Exclude all pictures, then restate the entries below word for word.
════════════════
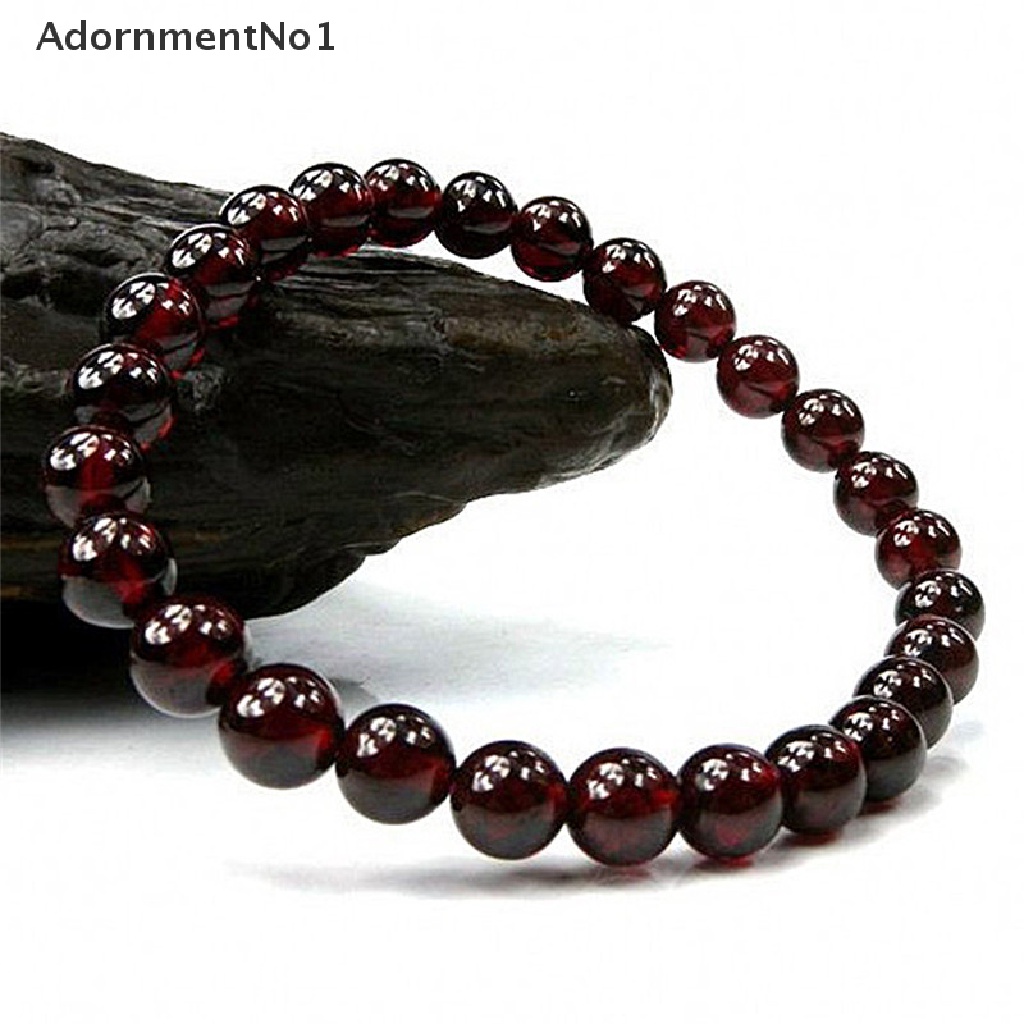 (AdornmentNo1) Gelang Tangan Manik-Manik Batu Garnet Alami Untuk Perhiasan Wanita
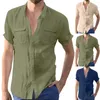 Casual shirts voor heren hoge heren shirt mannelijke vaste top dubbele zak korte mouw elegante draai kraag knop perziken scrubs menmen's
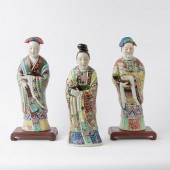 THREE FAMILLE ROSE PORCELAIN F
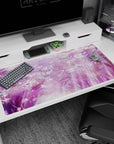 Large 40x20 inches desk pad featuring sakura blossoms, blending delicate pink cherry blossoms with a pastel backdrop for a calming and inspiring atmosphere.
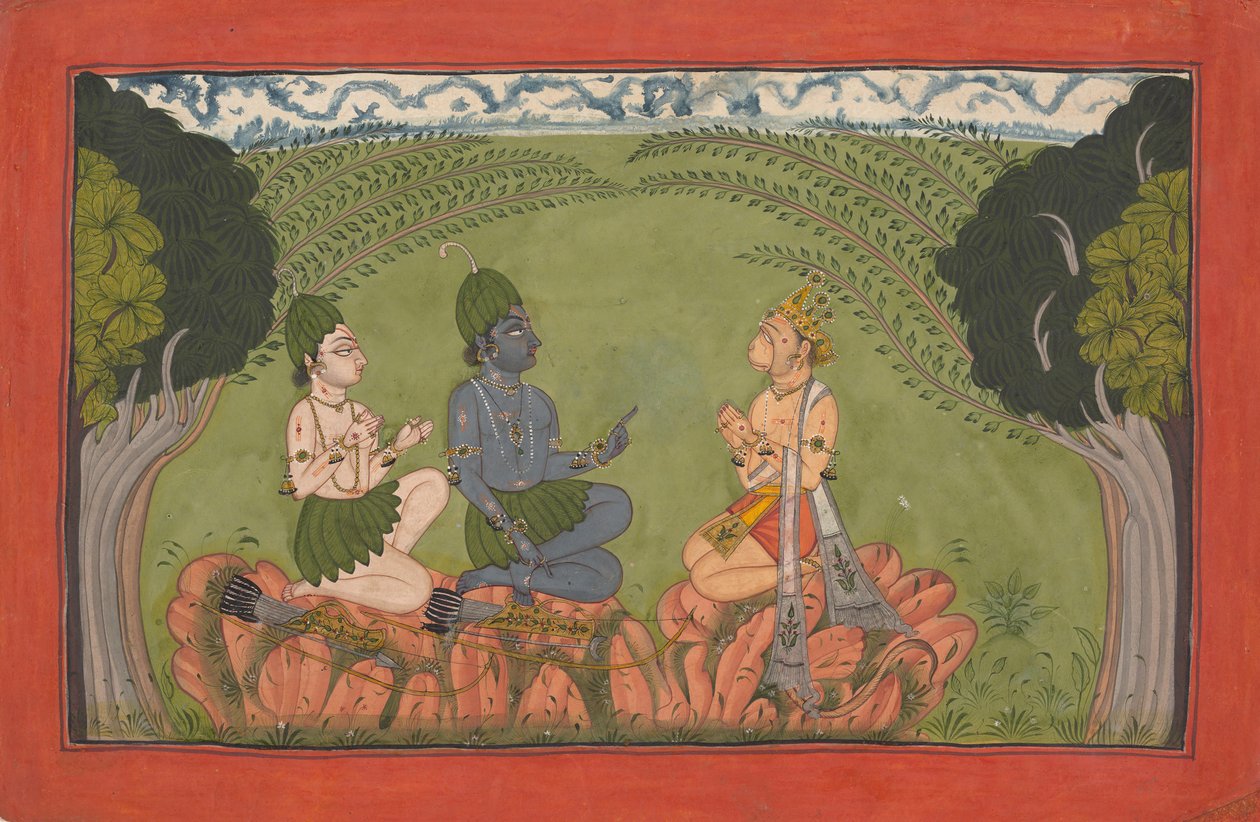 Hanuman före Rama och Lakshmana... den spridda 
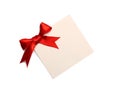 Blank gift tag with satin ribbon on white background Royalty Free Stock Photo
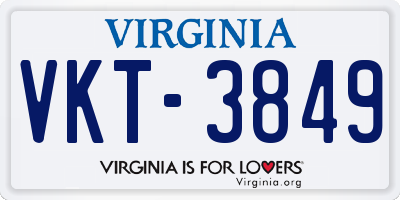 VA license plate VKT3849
════════════════
* Solution to the exercise
 (AdornmentNo1) Gelang Tangan Manik-Manik Batu Garnet Alami Untuk Perhiasan Wanita
 Casual shirts voor heren hoge heren shirt mannelijke vaste top dubbele zak korte mouw elegante draai kraag knop perziken scrubs menmen's
 THREE FAMILLE ROSE PORCELAIN F
 Large 40x20 inches desk pad featuring sakura blossoms, blending delicate pink cherry blossoms with a pastel backdrop for a calming and inspiring atmosphere.
 Hanuman före Rama och Lakshmana... den spridda 
 Blank gift tag with satin ribbon on white background Royalty Free Stock Photo
 VA license plate VKT3849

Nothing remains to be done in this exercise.